START DATA BELOW

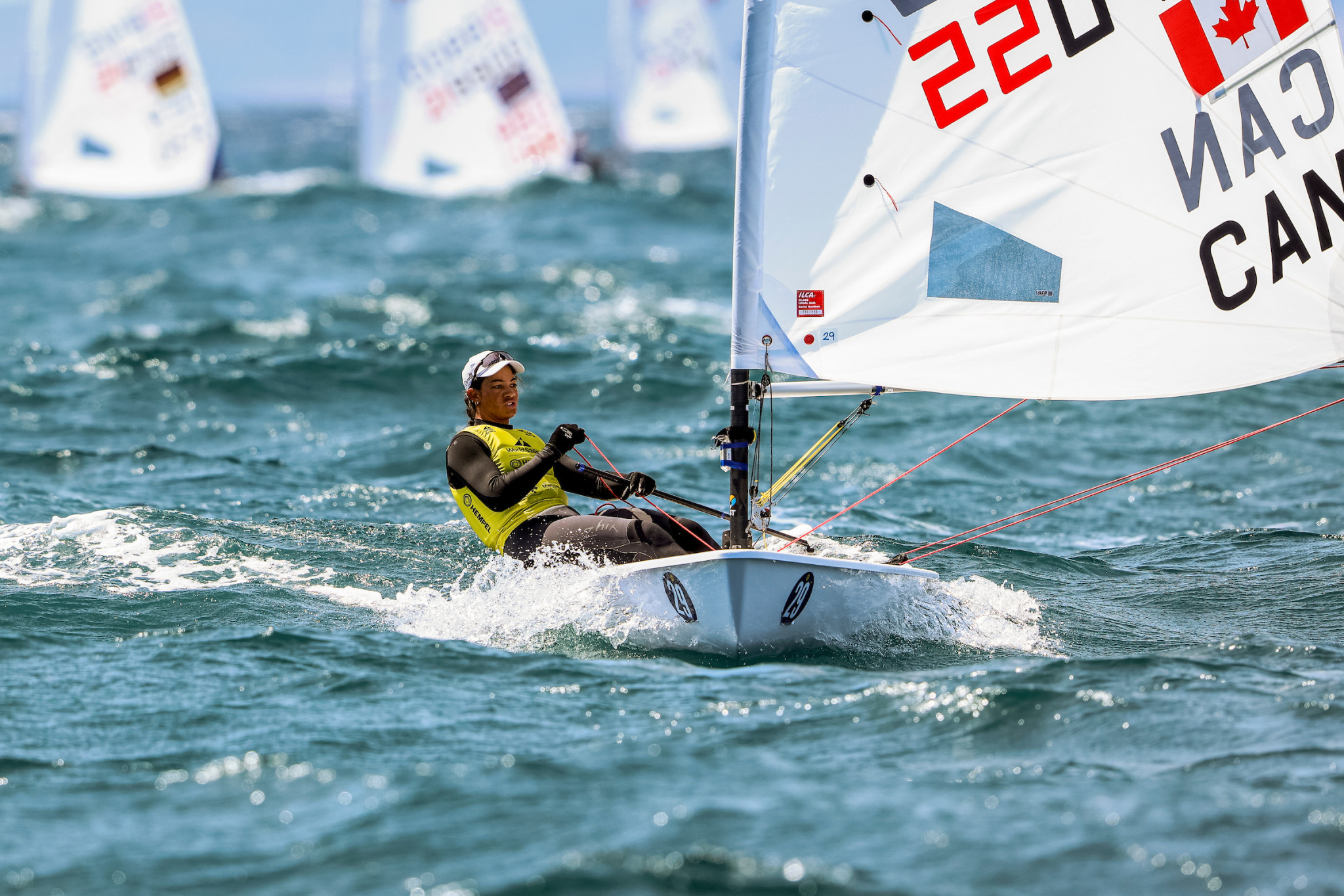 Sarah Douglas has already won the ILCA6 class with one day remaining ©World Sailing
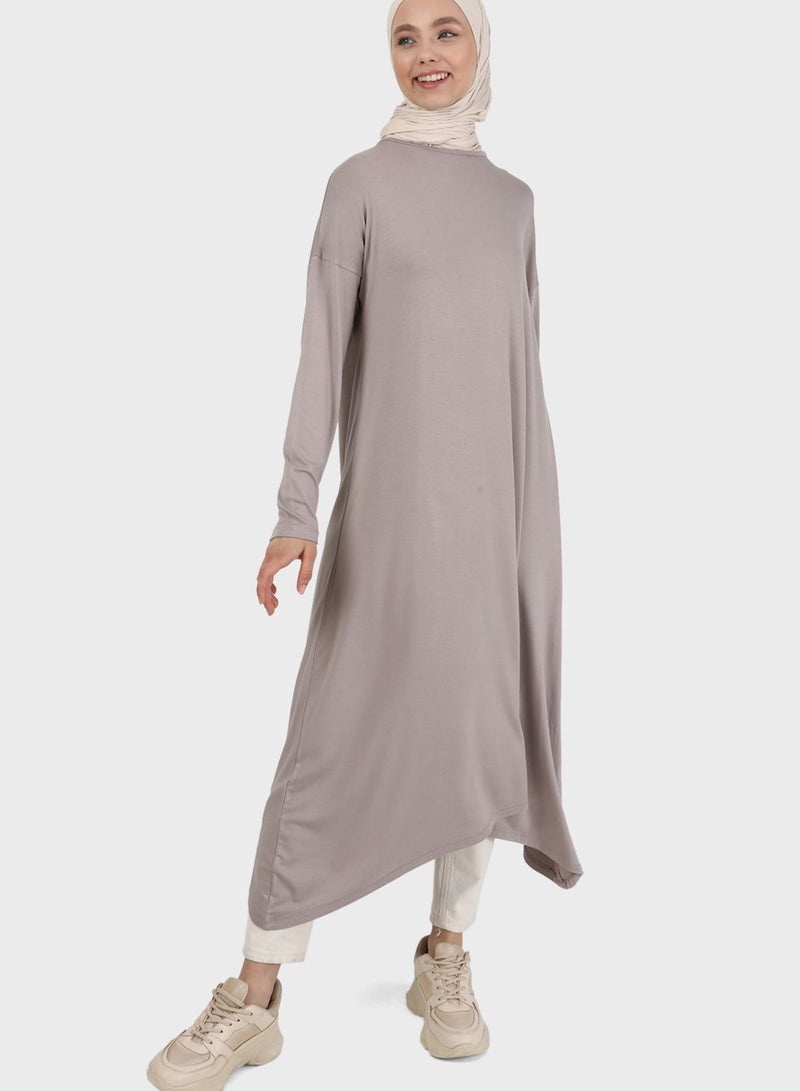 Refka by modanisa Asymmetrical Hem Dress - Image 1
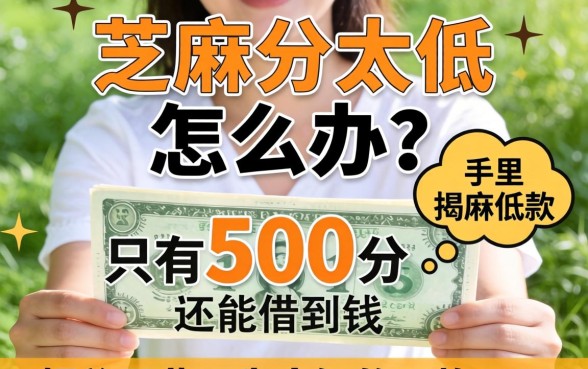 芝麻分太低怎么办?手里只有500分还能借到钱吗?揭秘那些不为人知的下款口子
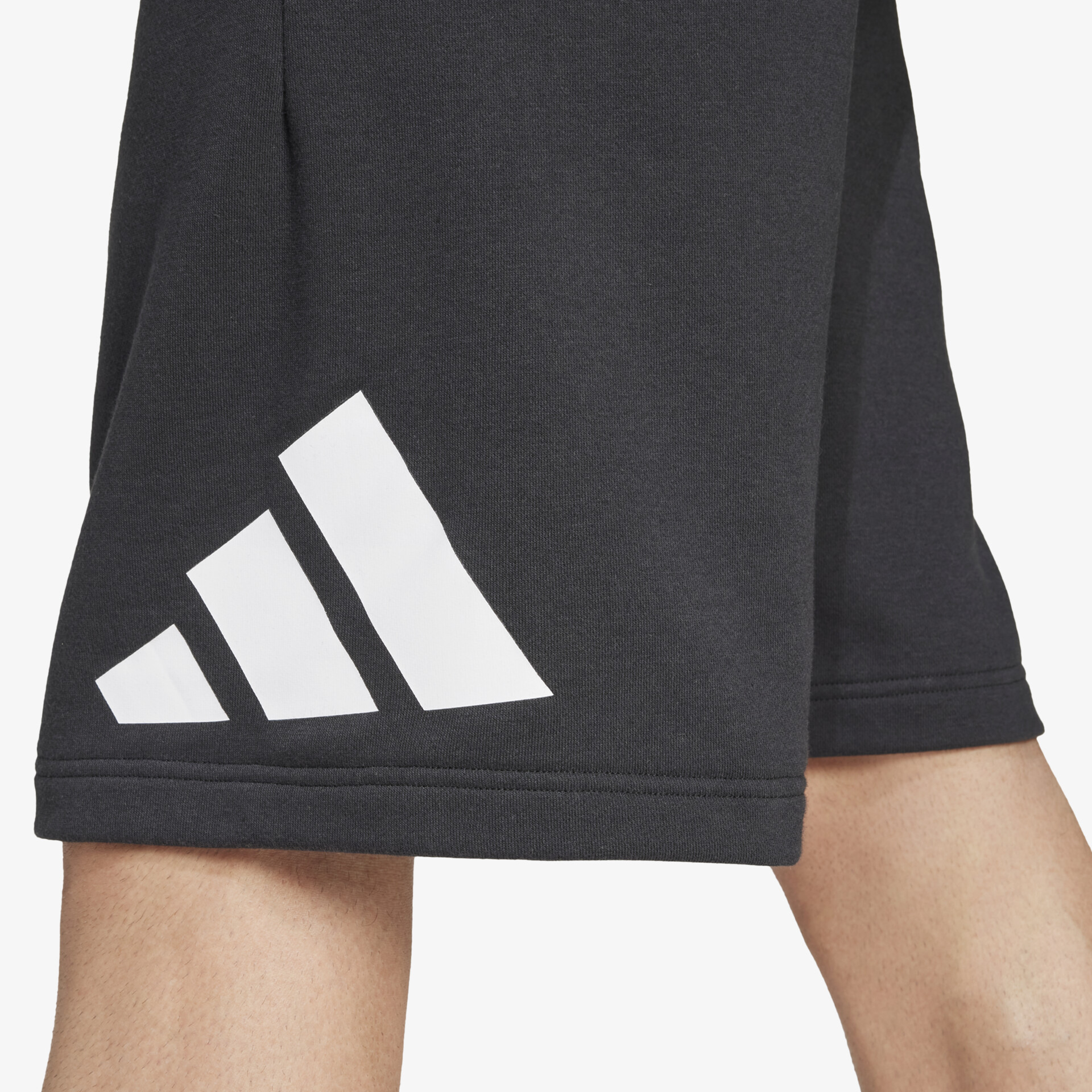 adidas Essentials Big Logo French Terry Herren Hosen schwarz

END DATA BELOW

Since the pictures are not wanted, repeat only the rest of the material, exactly as given.

> **EXERCISE RESPONSE**:
 Sarah Douglas has already won the ILCA6 class with one day remaining ©World Sailing
 Refka by modanisa Asymmetrical Hem Dress - Image 1
 芝麻分太低怎么办?手里只有500分还能借到钱吗?揭秘那些不为人知的下款口子
 adidas Essentials Big Logo French Terry Herren Hosen schwarz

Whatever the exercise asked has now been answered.